Why are All Eastern Jews Referred to as Sephardic? By Rabbi Chaim Jachter


The question is posed quite often.  Sepharad is the word Jews use to refer to Spain.  If so, why are eastern, or Mizrahi, Jews such as those whose families lived in lands such as Persia and Iraq referred to Sephardic Jews?  These Jews never lived in Spain!  Referring to them as Sephardic appears to be inappropriate.   Moreover, in the distant past eastern Jews who did not originate from Spain and lived in Arab lands were called Musta’arabim.  Why are they now known as Sephardic Jews and the term Musta’arabim is no longer extant? 
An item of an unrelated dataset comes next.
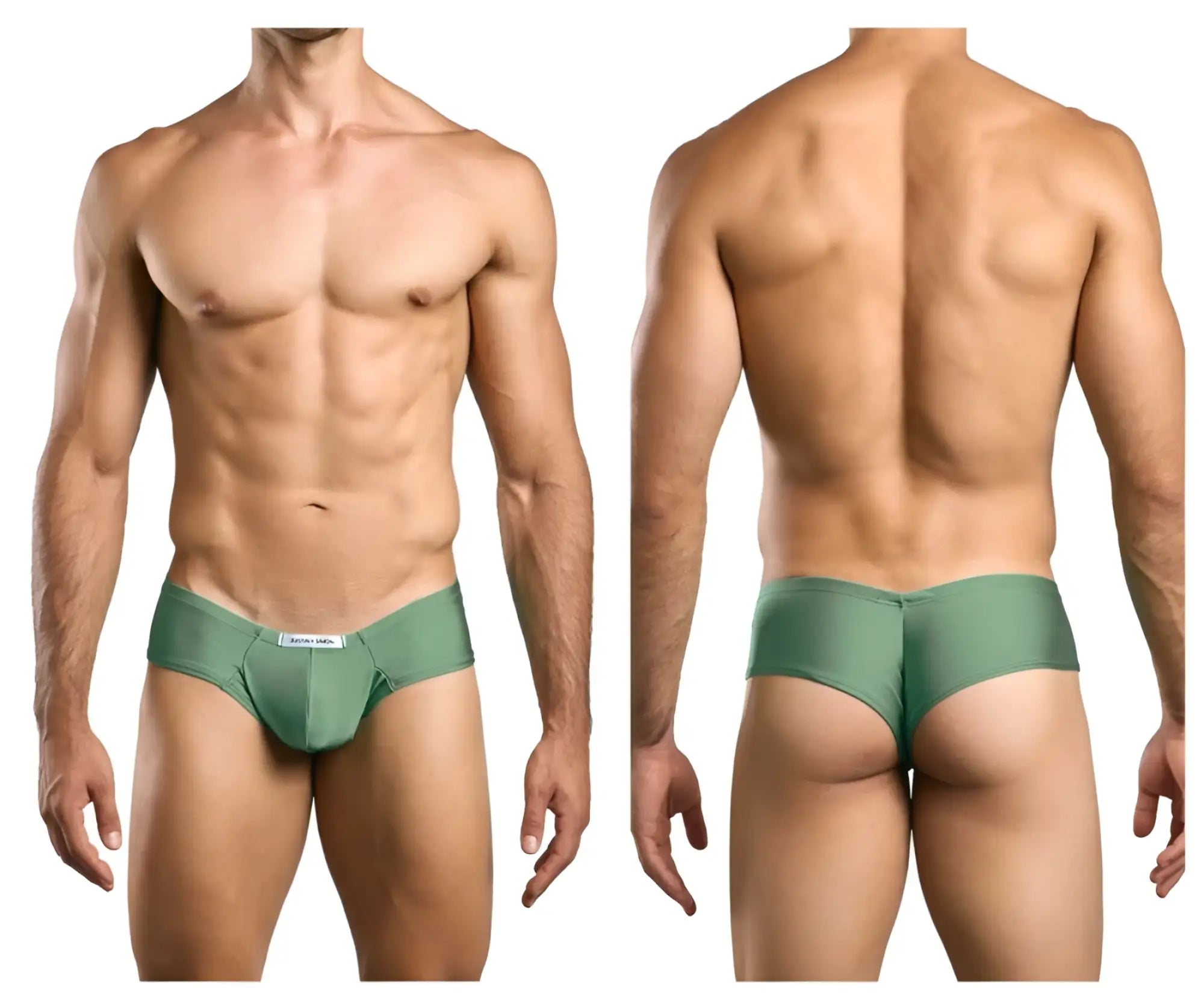 Justin plus simon xsj22 cheek briefs in new green with smooth stretchy fabric and a white label at the waistband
Rav Ovadiah Yosef’s Explanation

Rav Yehuda Azoulay relates (Maran: The Life and Scholarship of Hacham Ovadia Yosef, pages 387-388):

When meeting King Juan Carlos of Spain, Hacham Ovadia explained to the king why Sephardic Jewry goes by the word “Sepharadim,” which means “Spanish.” Although [many] Sephardic Jews hail from Middle Eastern and North African countries, they are known as “Sepharadim” because they received their guidance from the Rambam, a Spanish native

We may add to this explanation that Sephardic Jews receive their guidance from Rav Yosef Caro, who also was a Spanish native. 


Adding to Rav Ovadiah Yosef’s Explanation - The Great Rabbis of Spain near the Time of the Expulsion

I suggest an addition to Rav Ovadia’s explanation based on the content of Rav Yosef Bitton’s magnificent work “Forgotten Giants: Sephardic Rabbis before and after the Expulsion from Spain”.  This slim volume offers brief descriptions of twenty six great, but mostly lesser-known, rabbis of Spanish-Jewish origin who lived during the fifteenth, sixteenth and seventeenth centuries.  I suggest that recognition of the enormous impact of these rabbis in shaping the Halacha practiced by Eidot HaMizrach (eastern communities) Jewry serves as yet another reason why Mizrachim are commonly called Sepharadim.  

The first section of Rav Bitton’s book describes rabbis who were born in Spain and lived most of their lives in Spain immediately before the Expulsion.  The second group describes great Spanish rabbis who were born in Spain but were expelled from Spain at a young age and resettled elsewhere.  The final section describes a group of great rabbis born to Jewish refugees from Spain who were born outside of Spain after the Expulsion. 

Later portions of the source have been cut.